給与所得とは?各種控除制度や年末調整での扱い、給与収入との違いを解説

給与所得とは、勤務先から受け取る給与、賞与等から経費を除いた部分のことです。今回は、給与所得の概要や給与収入との違い、給与所得に関連する控除についてご紹介します。経理・労務担当にかかわらず事業を行う人にとっては必要な基礎知識であるため、しっかりと押さえておきましょう。

給与所得とは

給与所得とは、労働者に支払われた給与、賞与等から経費とみなされる給与所得控除額を差し引いた金額です。給与、賞与すべてが給与所得になるわけではない点に注意しましょう。

【図表】ビジネスコラム_給与所得.jpg

一般的に、勤務先から労働者に支払われるお金は「給与収入」「給与所得」等と表現されます。これらの言葉は同じものを指すと考える人が多いですが、実際の意味は異なります。

給与所得と給与収入の違い

給与収入と給与所得は混同されやすいですが、両者には明確な違いがあります。具体的には以下の通りです。

給与収入: 勤務先から受け取った給与、賞与等の合計金額。基本給や賞与、残業代を含む。
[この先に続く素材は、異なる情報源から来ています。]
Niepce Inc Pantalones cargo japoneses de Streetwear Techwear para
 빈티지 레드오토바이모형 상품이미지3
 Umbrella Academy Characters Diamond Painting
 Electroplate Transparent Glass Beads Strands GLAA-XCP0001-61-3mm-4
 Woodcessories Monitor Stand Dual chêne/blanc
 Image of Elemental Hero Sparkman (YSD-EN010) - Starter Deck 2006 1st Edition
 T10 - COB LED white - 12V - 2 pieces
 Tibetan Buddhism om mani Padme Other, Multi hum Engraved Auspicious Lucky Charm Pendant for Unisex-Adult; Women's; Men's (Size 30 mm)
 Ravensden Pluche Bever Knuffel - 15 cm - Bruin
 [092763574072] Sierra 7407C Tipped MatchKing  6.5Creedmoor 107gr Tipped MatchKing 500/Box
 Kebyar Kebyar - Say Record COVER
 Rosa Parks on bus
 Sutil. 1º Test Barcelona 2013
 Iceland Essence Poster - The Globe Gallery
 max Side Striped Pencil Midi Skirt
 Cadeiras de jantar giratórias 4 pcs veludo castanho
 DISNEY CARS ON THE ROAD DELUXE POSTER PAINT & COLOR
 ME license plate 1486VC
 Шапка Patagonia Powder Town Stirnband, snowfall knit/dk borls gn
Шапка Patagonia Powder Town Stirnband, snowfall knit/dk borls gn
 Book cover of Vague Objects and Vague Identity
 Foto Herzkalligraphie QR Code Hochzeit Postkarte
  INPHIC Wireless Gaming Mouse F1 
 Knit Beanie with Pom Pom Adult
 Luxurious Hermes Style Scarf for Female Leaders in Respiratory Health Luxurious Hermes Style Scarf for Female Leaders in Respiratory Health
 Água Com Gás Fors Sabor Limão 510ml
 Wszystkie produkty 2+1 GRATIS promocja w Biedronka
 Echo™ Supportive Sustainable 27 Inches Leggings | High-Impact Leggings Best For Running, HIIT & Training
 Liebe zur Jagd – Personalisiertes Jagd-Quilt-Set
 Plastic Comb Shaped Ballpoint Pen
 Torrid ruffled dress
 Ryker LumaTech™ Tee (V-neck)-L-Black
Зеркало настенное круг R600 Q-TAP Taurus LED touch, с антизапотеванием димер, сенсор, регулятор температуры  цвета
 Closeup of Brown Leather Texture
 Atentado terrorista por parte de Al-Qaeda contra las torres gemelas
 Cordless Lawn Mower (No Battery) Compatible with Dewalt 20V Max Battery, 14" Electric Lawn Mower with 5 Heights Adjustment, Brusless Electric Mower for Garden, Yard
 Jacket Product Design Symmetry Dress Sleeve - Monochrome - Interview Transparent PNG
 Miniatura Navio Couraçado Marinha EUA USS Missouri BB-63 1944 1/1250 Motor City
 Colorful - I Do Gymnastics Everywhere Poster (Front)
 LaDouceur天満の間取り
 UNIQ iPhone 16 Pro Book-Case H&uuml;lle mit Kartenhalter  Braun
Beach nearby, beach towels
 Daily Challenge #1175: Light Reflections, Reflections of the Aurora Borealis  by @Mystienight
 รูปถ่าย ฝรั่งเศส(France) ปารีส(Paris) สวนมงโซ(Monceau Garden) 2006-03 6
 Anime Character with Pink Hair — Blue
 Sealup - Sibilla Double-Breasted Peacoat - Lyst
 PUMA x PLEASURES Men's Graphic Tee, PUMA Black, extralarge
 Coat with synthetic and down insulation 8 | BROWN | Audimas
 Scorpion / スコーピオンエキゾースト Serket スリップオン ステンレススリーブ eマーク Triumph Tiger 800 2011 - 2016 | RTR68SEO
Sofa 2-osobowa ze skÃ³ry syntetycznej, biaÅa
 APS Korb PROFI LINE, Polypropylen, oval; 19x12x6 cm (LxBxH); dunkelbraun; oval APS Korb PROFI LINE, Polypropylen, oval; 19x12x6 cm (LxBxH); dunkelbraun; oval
給与所得: 年末調整や確定申告で年間の給与所得額を確定するために、1年間で受け取った給与収入の合計額から給与所得控除額を差し引いた金額


なお給与所得には、通常の俸給・給料・賃金・諸手当・賞与だけでなく、現物給与も含まれます。現物給与の一例としては、物品の譲渡・福利厚生施設の無償提供等です。

参考:国税庁「No.2508 給与所得となるもの

給与所得控除とは(令和7年税制改正における変更点)

給与所得は、給与等の収入金額から経費とみなされる一定金額を控除して算出します。この控除を給与所得控除といい、1年間の給与収入に応じて金額が変わります
給与所得控除として引かれた金額は、所得税の課税対象に含まれません。

給与所得控除額の計算式は国税庁により定められており、以下の表に基づいて算出されます。
なお給与所得控除については、2025年(令和7年)の年末調整から、年収の壁対策として55万円の最低保障額が65万円に引き上げられます。

 
給与等の収入金額
(給与所得の源泉徴収票の支払金額)
給与所得控除額
改正後(令和7年) 改正前
162万5,000円以下 65万円 55万円
162万5,000円超 180万円以下 収入金額×40%-10万円
180万円超 190万円以下 収入金額×30%+8万円
190万円超 360万円以下 収入金額×30%+8万円
360万円超 660万円以下 収入×20%+44万円
660万円超 850万円以下 収入×10%+110万円
850万円超 195万円(上限)


出典:国税庁「No.1410 給与所得控除
出典:国税庁「昨年と比べて変わった点(基礎控除の見直し等)

給与所得の計算例

給与所得は、国税庁によって定められた計算式を利用し、年間の給与収入から給与所得控除額を引いて計算します。年収が500万円の方を例に、まずは給与所得控除額を算出してみましょう。
 

500万円×20%+44万円=144万円


上記の計算から、給与所得控除額は144万円となります。次に、年間の給与収入から給与所得控除を差し引いて給与所得額を出します。
 

500万円(年間の給与収入額)-144万円(給与所得控除額)=356万円


このように、年収が500万円だった場合の給与所得は356万円であることがわかります。

参考:国税庁「No.1410 給与所得控除

パート・アルバイトはいくらまで稼げる?令和7年、非課税ラインが「160万円」に

2025年(令和7年)の税制改正により、給与所得控除と基礎控除が引き上げられた結果、年収の非課税ライン(所得税がかからない年収の上限)が大きく変わりました。とくに、年収が変動しやすいパート・アルバイト労働者にとっては「どのくらいの年収までなら所得税を負担せずに稼げるか」が気になるところでしょう。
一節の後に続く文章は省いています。